**Work to complete:** Read the listing below and copy out every line that holds "space".
[[ Material to process open ]]
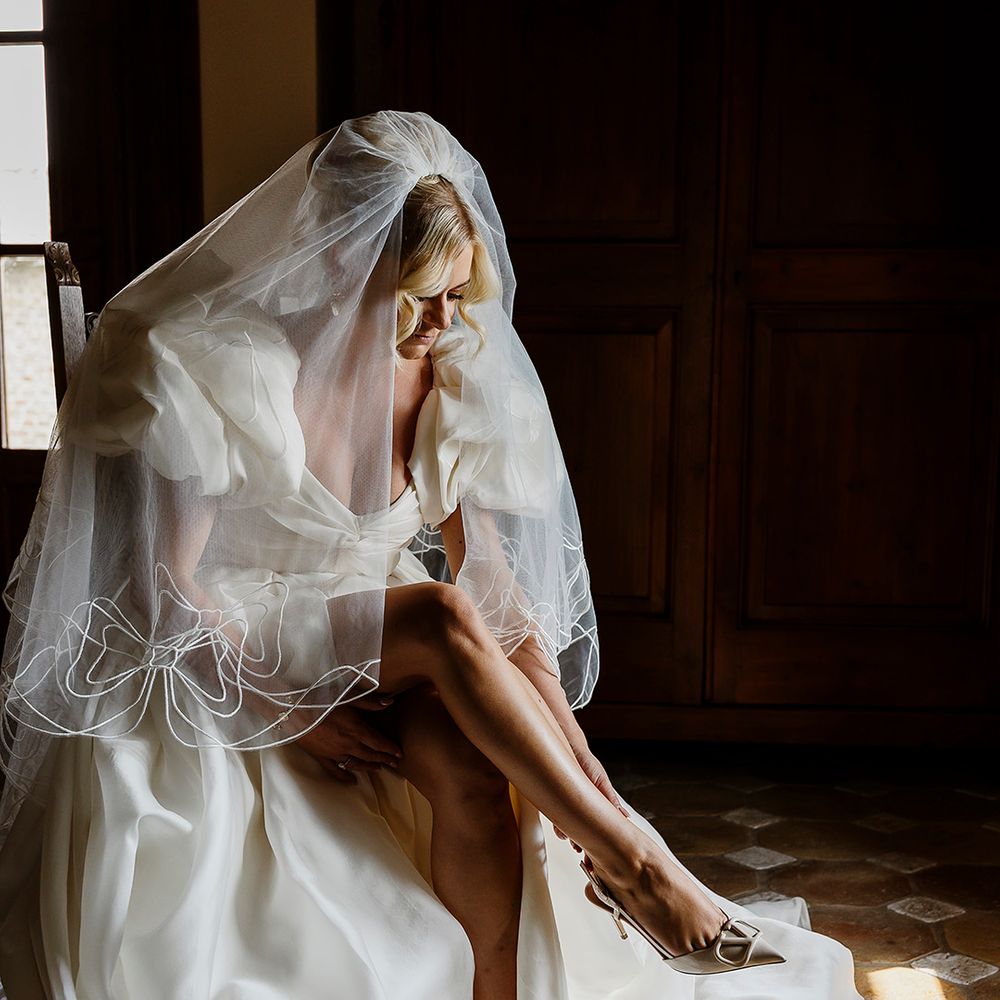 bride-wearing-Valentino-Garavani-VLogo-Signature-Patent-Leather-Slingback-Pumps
[[ Material to process closed ]]
[[ Material to process open ]]
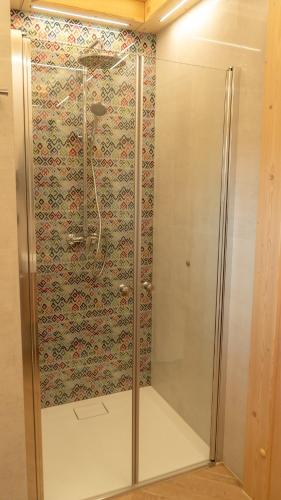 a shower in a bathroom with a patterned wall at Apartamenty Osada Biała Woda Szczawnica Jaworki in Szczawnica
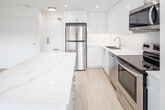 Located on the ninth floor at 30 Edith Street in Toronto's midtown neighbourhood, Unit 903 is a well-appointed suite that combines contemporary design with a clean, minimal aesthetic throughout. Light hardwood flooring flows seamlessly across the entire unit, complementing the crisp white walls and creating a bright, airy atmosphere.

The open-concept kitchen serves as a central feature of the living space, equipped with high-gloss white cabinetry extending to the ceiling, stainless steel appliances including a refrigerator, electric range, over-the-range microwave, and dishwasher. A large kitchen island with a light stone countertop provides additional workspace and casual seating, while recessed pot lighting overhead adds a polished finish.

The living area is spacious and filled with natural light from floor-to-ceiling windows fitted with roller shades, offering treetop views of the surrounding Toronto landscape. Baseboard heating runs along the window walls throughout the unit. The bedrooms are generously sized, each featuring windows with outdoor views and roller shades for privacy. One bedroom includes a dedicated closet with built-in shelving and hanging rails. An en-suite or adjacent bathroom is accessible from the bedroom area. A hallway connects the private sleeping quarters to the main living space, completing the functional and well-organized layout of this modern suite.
[[ Material to process closed ]]
**Solution:**
The open-concept kitchen serves as a central feature of the living space, equipped with high-gloss white cabinetry extending to the ceiling, stainless steel appliances including a refrigerator, electric range, over-the-range microwave, and dishwasher. A large kitchen island with a light stone countertop provides additional workspace and casual seating, while recessed pot lighting overhead adds a polished finish.
The living area is spacious and filled with natural light from floor-to-ceiling windows fitted with roller shades, offering treetop views of the surrounding Toronto landscape. Baseboard heating runs along the window walls throughout the unit. The bedrooms are generously sized, each featuring windows with outdoor views and roller shades for privacy. One bedroom includes a dedicated closet with built-in shelving and hanging rails. An en-suite or adjacent bathroom is accessible from the bedroom area. A hallway connects the private sleeping quarters to the main living space, completing the functional and well-organized layout of this modern suite.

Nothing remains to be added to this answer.